Right. What we have then is an incredibly narrow holding not likely to repeat itself…like ever. AUSAs, in the First Circuit at least, won’t bother going through the IAD anymore. They’ll just go straight to the ad prosequendum petition in the first instance. Why not? What sense would it make to put yourself at risk of being rejected when you can guarantee compliance? Thus, David beats Goliath but it’s a Pyrrhic victory.
Of course, it’s not clear that the battle is over. I suspect that the First Circuit will rehear the case en banc and might well reverse the panel ruling. Of course, that might not even be the end. It could potentially end up at the Supreme Court…and what an interesting case that’d be.
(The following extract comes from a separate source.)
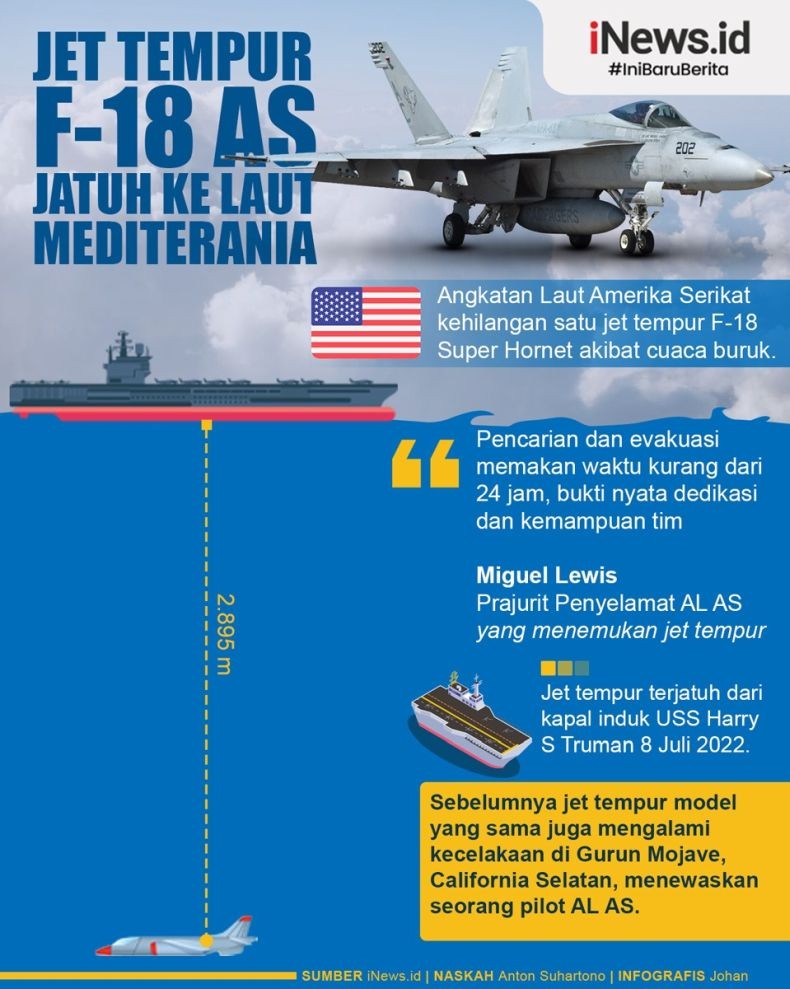 Infografis Jet Tempur F-18 AS Tercebur ke Laut Mediterania dari Kapal Induk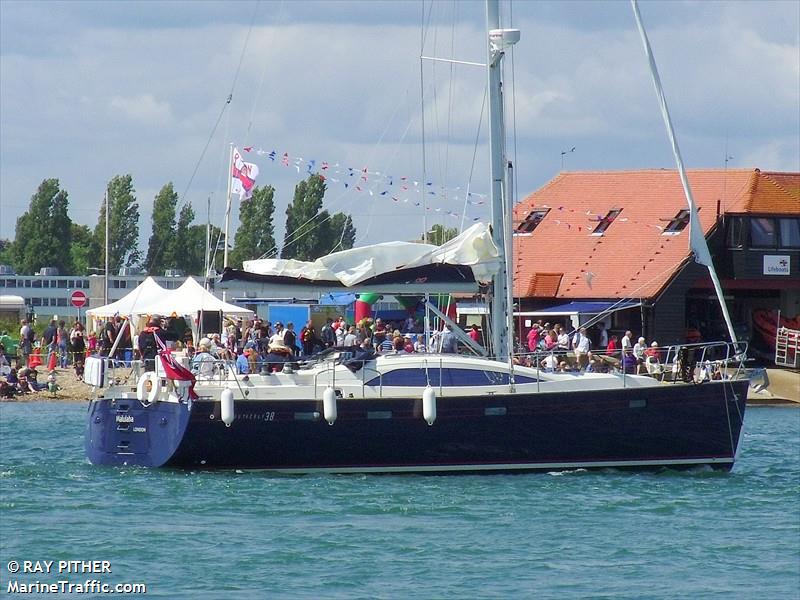 moondancer (Sailing vessel) - IMO , MMSI 235085821, Call Sign 2EKE6 under the flag of United Kingdom (UK)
The typical proponents of States’ rights are the same Justices who don’t like preventing states from carrying out the death penalty. When the tables are turned, could we expect someone like Justice Kennedy or Thomas to stay true to their pro-states bent and side with RI? Or would it end up being a repeat of Gonzales v. Raich, 545 U.S. 1 (2005)?
I certainly have no crystal ball. I can only see what’s in front of me but what I see is a hollow victory for Rhode Island and a rare form of habeas that’s about to become a lot less rare.